(ABOUT THIS TASK)
Apart from the pictures, which must be omitted, restate the data exactly.

(SUPPLIED INFORMATION)
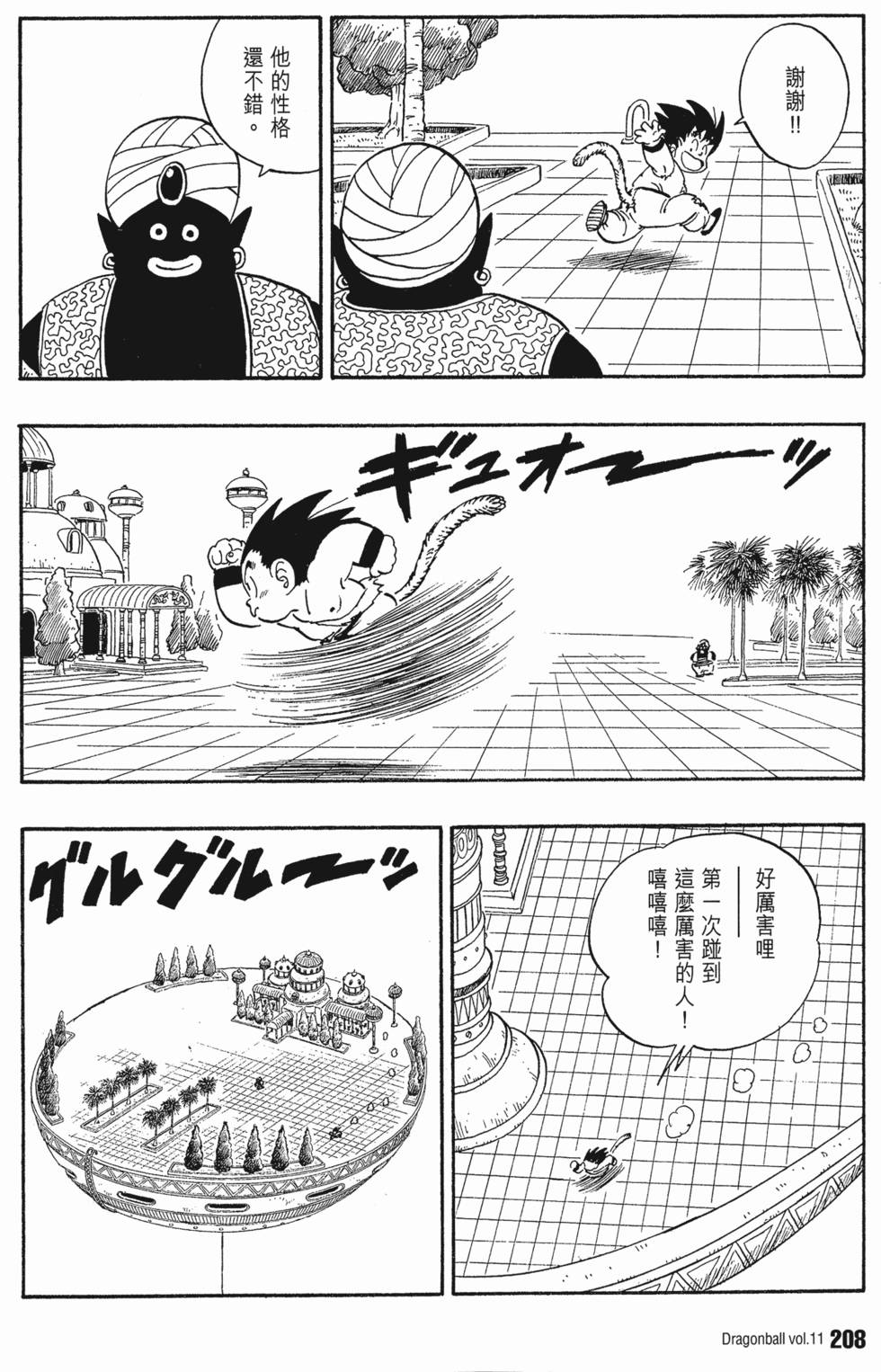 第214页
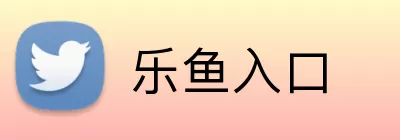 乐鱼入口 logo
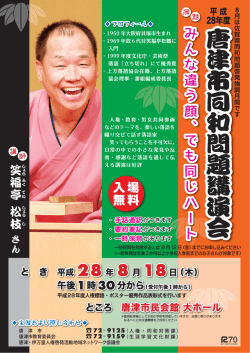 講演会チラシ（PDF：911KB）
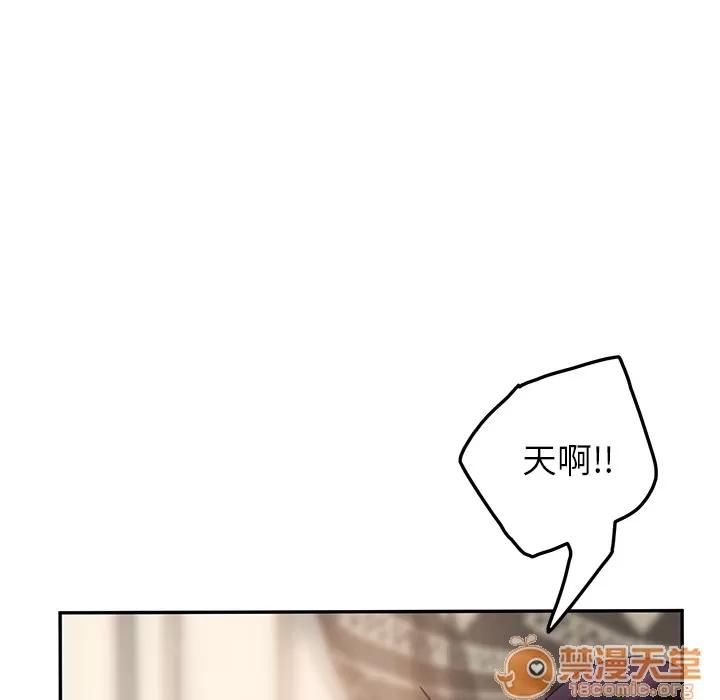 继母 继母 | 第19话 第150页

(FINISHED TASK)
 第214页
 乐鱼入口 logo
 講演会チラシ（PDF：911KB）
 继母 继母 | 第19话 第150页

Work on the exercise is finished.